• okudum
    • okuyorum
    • okumak istiyorum
  • youreads puanı (8.38)
Yazar umberto eco
gülün adı - umberto eco
italyan yazar uberto eco'nun ilk romanı. tarihi cinayet-gizem türündedir. olaylar 1327 yılında bir italyan manastırında geçer.


  1. genelde alt metinlerle asıl meramını anlatma derdinde olan ve geçen günlerde(19.02.2016) hayatını kaybeden (böylelikle de bu satırların yazarını da dertlere gark eden) italyan yazar umberto eco'nun ilk romanı.

    orta çağ ve semiotik(gösterge bilim) uzmanı olan eco'nun bu romanı kendisinin yazılarını (bunların örnekleri şu kitaptadır bkz: somon balığı ile yolculuk) süreli yayınlardan uzun süredir takip eden italyan okurlarınca heyecanla beklenmişti aslında. sonuçta onların beklentilerin de ötesinde bir eserle okurlarının karşısına çıkan eco'nun kendisi bile romanın başarısı karşısında -tabiri caizse- afallamıştır. (bu adamı afallatmanın pek mümkün olmadığı kanısındayım da bu yüzden müphem bir ifade kullanıyorum)
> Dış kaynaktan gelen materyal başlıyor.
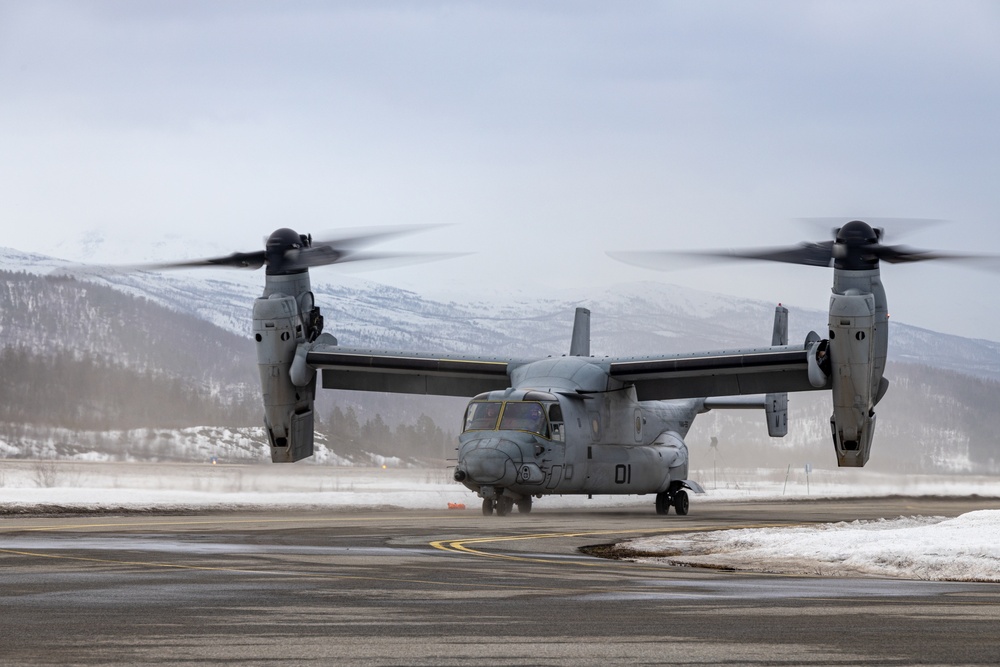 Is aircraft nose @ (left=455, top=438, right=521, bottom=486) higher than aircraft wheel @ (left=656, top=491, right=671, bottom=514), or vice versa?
aircraft nose @ (left=455, top=438, right=521, bottom=486)

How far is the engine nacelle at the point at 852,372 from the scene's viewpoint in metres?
28.1

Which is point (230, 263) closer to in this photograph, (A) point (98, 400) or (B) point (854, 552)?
(B) point (854, 552)

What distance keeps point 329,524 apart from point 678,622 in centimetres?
1736

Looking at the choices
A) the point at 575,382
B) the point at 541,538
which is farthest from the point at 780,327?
the point at 541,538

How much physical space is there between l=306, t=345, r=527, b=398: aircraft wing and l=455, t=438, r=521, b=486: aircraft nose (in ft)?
16.7

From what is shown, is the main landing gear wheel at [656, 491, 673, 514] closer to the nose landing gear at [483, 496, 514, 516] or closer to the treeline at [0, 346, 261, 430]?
the nose landing gear at [483, 496, 514, 516]

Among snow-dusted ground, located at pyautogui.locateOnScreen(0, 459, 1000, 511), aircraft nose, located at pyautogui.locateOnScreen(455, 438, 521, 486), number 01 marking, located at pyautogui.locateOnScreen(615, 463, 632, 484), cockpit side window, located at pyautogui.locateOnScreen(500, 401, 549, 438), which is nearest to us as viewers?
aircraft nose, located at pyautogui.locateOnScreen(455, 438, 521, 486)

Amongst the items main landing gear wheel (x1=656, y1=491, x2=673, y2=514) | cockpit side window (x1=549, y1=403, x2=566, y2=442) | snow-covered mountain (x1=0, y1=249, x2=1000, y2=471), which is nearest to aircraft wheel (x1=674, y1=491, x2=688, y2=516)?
main landing gear wheel (x1=656, y1=491, x2=673, y2=514)

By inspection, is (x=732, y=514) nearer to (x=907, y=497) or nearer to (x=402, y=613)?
(x=907, y=497)

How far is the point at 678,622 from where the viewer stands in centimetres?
977

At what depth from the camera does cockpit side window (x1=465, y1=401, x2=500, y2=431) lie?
99.5ft

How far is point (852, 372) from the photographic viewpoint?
2864 centimetres

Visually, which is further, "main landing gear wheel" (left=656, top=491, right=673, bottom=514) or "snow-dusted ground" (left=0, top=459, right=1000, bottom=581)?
"main landing gear wheel" (left=656, top=491, right=673, bottom=514)

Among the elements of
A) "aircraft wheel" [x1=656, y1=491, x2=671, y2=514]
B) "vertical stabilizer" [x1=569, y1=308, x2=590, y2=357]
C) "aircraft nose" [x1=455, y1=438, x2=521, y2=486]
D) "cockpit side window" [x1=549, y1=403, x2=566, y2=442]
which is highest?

    alt metinlerin romanın yoğunluğunu inanılmaz derecede artırması, yazarın muzip bir çocuk tavrı ile kolaydan zora derecelenmiş biçimde bilmecelerle sayfalarını donatması, muhteşem bir kurguya sahip olması ve okuyucusunun bilgi birikimi ile adeta boğuşan derecede göndermelerle bezeli olan kitabın başarısı böylelikle ticari olmanın ötesinde edebi olarak da kendini apayrı bir yere koyar. (ki eco bir sonraki kitabı olan foucault sarkacı ile bu başarının tesadüfi olmadığını da kanıtlar)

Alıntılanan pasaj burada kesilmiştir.